The Drug Enforcement Administration (“DEA”) recently issued an advisory announcing that as of January 1, 2008, manufacturers of methadone HCl 40 mg tablets have voluntarily agreed to limit distribution due to the reported increase of adverse events related to methadone.  This raises new issues for downstream distribution and prescribing of methadone.

The advisory states that manufacturers will instruct wholesale distributors to supply methadone 40 mg tablets only to authorized and DEA-registered opioid addiction detoxification and maintenance facilities and hospitals.  Retail pharmacies and other registrants (including practitioners) will be unable to purchase methadone 40 mg tablets for dispensing or administration.  The advisory states that methadone, a long-lasting opioid and a federally-controlled Schedule II substance, is used for pain management and opioid addiction treatment.  However, DEA’s statement asserts that methadone 40 mg tablets are indicated for detoxification and maintenance treatment of opioid addiction only and not pain management. 

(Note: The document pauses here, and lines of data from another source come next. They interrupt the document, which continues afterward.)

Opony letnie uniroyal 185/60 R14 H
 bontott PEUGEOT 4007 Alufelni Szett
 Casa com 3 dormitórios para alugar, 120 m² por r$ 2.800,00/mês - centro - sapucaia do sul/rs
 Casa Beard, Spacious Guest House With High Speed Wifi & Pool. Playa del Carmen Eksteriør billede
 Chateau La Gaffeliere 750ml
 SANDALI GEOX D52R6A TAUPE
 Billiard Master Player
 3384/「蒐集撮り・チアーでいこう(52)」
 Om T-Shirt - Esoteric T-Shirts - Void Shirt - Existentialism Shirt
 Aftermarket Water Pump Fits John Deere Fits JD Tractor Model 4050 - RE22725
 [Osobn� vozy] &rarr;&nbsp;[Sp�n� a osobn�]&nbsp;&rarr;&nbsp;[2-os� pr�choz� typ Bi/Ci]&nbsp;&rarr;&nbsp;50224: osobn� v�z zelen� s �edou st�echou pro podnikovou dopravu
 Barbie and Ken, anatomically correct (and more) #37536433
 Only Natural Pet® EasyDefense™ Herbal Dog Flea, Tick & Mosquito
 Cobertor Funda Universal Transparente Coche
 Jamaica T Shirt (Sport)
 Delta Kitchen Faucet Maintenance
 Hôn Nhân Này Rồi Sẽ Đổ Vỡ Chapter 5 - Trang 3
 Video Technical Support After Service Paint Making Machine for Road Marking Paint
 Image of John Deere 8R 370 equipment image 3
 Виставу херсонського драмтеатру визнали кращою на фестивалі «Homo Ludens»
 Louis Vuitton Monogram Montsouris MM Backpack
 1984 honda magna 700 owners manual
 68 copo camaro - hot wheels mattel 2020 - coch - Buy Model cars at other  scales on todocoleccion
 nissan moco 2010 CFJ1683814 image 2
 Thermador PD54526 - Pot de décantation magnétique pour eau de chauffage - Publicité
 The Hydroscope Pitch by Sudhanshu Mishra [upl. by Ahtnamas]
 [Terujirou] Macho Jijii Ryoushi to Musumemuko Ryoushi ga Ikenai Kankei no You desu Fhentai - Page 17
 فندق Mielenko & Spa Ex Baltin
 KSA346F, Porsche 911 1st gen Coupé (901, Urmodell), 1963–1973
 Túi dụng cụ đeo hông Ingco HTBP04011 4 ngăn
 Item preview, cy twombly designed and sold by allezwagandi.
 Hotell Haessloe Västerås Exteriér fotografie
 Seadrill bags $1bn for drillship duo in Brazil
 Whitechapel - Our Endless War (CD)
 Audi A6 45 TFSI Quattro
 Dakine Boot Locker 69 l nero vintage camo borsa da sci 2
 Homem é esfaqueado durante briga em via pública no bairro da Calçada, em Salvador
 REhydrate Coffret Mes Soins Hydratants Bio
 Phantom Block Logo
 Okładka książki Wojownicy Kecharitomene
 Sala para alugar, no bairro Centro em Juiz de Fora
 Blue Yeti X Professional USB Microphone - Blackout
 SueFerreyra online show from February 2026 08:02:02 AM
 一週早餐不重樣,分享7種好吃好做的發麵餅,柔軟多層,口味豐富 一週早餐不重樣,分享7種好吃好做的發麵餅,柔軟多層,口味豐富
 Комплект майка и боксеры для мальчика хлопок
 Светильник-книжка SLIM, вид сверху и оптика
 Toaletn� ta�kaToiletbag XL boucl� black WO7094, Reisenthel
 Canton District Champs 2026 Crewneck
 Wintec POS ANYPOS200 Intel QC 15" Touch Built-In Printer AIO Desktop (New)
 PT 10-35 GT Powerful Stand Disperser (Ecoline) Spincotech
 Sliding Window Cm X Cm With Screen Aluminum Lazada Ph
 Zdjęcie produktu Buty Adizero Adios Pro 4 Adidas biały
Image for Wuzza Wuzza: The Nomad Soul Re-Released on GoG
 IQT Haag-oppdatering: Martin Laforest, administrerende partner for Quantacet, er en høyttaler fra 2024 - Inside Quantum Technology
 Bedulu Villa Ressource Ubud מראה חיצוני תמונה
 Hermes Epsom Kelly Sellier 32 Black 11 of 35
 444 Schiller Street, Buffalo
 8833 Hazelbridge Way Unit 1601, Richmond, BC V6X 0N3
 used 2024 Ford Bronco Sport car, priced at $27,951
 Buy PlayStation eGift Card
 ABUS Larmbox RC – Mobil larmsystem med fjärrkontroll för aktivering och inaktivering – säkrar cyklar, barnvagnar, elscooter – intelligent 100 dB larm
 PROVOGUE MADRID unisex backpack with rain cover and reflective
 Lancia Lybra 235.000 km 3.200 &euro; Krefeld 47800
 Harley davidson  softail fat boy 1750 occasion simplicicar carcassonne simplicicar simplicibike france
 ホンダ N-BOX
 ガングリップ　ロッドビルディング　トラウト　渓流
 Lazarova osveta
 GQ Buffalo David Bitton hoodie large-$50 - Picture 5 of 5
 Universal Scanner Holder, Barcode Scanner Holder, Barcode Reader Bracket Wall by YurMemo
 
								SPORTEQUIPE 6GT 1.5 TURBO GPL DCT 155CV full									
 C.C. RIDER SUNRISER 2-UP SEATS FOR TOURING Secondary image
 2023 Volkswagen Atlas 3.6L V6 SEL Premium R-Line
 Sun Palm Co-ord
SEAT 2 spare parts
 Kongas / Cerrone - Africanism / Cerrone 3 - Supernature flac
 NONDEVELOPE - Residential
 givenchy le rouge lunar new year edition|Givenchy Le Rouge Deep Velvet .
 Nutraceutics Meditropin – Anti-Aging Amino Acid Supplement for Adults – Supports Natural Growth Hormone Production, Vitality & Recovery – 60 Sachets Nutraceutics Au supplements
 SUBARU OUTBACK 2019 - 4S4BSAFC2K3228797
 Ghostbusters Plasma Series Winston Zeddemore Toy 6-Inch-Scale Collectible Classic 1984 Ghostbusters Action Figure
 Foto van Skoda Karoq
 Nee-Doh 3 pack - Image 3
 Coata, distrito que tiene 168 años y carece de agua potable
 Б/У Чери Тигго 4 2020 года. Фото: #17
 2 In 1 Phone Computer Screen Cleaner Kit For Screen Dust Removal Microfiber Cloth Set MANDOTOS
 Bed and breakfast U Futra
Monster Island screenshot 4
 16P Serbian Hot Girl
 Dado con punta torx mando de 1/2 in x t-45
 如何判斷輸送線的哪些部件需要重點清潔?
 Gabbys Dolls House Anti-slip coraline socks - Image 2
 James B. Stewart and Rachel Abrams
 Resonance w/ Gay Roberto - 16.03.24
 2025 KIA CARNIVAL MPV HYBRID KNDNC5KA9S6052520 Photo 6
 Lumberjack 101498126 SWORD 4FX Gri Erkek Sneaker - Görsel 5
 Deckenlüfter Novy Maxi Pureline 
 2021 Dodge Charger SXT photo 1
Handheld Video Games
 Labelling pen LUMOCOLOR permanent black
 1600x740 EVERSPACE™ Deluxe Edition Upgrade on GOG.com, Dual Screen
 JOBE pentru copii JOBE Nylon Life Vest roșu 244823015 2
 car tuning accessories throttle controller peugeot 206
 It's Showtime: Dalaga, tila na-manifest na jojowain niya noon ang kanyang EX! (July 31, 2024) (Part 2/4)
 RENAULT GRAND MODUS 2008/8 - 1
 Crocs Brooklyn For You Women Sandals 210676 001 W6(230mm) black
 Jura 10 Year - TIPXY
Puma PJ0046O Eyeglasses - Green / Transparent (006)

The voluntary restriction follows an FDA public advisory and Substance Abuse and Mental Health Services Administration (“SAMHSA”) Center for Substance Abuse Treatment (“CSAT”) report.  FDA issued an advisory in November 2006 warning about death and serious side effects associated with the use of methadone for pain management.  SAMHSA CSAT convened a multidisciplinary meeting on methadone-associated mortality in 2003, which concluded, in part, the correlation between increased methadone distribution through pharmacies with a rise in methadone-associated mortality.